Read me first before posting anywhere!
Subscribe to the feed, available in Image Atom or Image RSS format.
Get Involved
Post Reply
User avatar
psoTFX
Former Team Member
Posts: 7425
Joined: Tue Jul 03, 2001 8:50 pm

Vulnerability with highlight

Post by psoTFX » Fri Nov 22, 2002 12:28 pm

It has been brought to our attention (after the public were informed) that a vulnerability exists within the highlighting code in viewtopic.
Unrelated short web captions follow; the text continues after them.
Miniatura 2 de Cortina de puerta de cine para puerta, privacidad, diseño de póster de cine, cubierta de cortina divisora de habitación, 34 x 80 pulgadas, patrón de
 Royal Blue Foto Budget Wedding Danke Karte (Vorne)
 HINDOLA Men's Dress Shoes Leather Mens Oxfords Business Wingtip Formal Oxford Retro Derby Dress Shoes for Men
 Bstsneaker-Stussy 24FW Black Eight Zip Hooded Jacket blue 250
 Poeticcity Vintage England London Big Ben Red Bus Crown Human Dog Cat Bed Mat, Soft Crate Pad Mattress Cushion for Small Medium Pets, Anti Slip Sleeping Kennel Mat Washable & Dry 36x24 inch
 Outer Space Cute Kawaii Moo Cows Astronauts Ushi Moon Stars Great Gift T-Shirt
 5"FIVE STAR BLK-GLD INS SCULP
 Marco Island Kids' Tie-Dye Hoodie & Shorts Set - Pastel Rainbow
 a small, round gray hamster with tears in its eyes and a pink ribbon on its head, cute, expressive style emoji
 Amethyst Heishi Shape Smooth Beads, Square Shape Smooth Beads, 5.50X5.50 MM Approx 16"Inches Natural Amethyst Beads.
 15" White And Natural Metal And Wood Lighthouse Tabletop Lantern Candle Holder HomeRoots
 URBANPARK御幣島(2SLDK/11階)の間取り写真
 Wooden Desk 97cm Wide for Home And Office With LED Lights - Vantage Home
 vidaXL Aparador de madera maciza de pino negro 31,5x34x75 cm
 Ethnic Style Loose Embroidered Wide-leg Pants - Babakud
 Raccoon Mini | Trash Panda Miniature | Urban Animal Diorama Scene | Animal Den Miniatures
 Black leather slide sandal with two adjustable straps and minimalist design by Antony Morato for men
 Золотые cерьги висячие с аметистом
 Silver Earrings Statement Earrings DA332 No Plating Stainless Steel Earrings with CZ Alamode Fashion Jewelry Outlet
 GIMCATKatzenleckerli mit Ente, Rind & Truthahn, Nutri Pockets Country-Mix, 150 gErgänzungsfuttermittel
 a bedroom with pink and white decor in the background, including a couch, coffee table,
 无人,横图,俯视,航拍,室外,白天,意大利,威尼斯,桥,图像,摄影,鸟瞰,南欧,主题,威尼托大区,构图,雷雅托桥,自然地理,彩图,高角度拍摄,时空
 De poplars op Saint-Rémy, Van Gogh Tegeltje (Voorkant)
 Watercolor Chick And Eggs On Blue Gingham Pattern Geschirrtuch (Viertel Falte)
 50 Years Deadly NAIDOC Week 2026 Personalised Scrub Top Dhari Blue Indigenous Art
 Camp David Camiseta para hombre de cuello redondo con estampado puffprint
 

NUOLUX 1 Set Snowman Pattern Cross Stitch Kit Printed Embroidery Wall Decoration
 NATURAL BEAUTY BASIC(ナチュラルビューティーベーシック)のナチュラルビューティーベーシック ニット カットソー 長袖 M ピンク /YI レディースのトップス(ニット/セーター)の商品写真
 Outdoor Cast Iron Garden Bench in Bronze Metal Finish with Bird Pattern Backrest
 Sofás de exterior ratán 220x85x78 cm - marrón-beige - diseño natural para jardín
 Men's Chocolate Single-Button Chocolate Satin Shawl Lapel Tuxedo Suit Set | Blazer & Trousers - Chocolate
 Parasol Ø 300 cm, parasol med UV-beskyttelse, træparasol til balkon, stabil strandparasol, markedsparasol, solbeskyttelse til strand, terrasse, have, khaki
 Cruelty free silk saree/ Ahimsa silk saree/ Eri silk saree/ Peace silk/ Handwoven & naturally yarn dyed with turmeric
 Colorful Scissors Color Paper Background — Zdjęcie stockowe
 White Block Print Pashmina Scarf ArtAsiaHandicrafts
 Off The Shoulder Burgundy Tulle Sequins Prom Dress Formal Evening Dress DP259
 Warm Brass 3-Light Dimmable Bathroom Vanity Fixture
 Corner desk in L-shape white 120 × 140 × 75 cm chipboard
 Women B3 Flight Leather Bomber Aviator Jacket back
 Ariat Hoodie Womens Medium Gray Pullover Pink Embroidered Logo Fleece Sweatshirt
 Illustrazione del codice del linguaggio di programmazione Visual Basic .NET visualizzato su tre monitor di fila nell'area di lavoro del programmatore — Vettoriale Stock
While this vulnerability is unlikely to affect the majority of people you will find below a relevant (working ... unlike what you may have read on various lists ...) fix below. A new version of phpBB will be released in the near future. The vulnerability will only become apparent if you click (or directly) enter a link with some relevant content (e.g. script tags, etc.) ... so one easy way to prevent problems is "watch what you click!"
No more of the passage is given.